------ Material shown
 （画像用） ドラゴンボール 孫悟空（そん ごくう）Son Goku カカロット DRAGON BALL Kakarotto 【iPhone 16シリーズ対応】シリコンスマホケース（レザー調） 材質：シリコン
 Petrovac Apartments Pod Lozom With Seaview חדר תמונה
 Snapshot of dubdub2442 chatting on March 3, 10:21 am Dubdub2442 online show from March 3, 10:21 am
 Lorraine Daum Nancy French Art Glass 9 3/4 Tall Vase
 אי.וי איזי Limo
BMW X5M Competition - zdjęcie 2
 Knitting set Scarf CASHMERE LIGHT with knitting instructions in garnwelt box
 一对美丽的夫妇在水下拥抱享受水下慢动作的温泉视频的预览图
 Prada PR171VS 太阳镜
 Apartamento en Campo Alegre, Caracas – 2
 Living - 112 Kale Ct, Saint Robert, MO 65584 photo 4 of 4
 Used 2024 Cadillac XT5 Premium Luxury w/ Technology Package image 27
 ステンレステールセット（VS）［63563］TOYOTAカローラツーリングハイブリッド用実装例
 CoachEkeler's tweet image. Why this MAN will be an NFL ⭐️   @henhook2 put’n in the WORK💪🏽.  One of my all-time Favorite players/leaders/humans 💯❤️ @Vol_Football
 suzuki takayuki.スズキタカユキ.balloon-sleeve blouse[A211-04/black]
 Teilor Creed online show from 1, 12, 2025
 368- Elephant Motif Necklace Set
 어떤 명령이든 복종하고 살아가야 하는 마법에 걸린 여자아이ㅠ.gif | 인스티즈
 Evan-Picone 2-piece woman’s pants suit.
------------
**Required work:**
Starting with the line that contains "Petrovac Apartments Pod", print every line through the end of the entries above exactly as written, both boundary lines included, and nothing else.

**Written solution:**
 Petrovac Apartments Pod Lozom With Seaview חדר תמונה
 Snapshot of dubdub2442 chatting on March 3, 10:21 am Dubdub2442 online show from March 3, 10:21 am
 Lorraine Daum Nancy French Art Glass 9 3/4 Tall Vase
 אי.וי איזי Limo
BMW X5M Competition - zdjęcie 2
 Knitting set Scarf CASHMERE LIGHT with knitting instructions in garnwelt box
 一对美丽的夫妇在水下拥抱享受水下慢动作的温泉视频的预览图
 Prada PR171VS 太阳镜
 Apartamento en Campo Alegre, Caracas – 2
 Living - 112 Kale Ct, Saint Robert, MO 65584 photo 4 of 4
 Used 2024 Cadillac XT5 Premium Luxury w/ Technology Package image 27
 ステンレステールセット（VS）［63563］TOYOTAカローラツーリングハイブリッド用実装例
 CoachEkeler's tweet image. Why this MAN will be an NFL ⭐️   @henhook2 put’n in the WORK💪🏽.  One of my all-time Favorite players/leaders/humans 💯❤️ @Vol_Football
 suzuki takayuki.スズキタカユキ.balloon-sleeve blouse[A211-04/black]
 Teilor Creed online show from 1, 12, 2025
 368- Elephant Motif Necklace Set
 어떤 명령이든 복종하고 살아가야 하는 마법에 걸린 여자아이ㅠ.gif | 인스티즈
 Evan-Picone 2-piece woman’s pants suit.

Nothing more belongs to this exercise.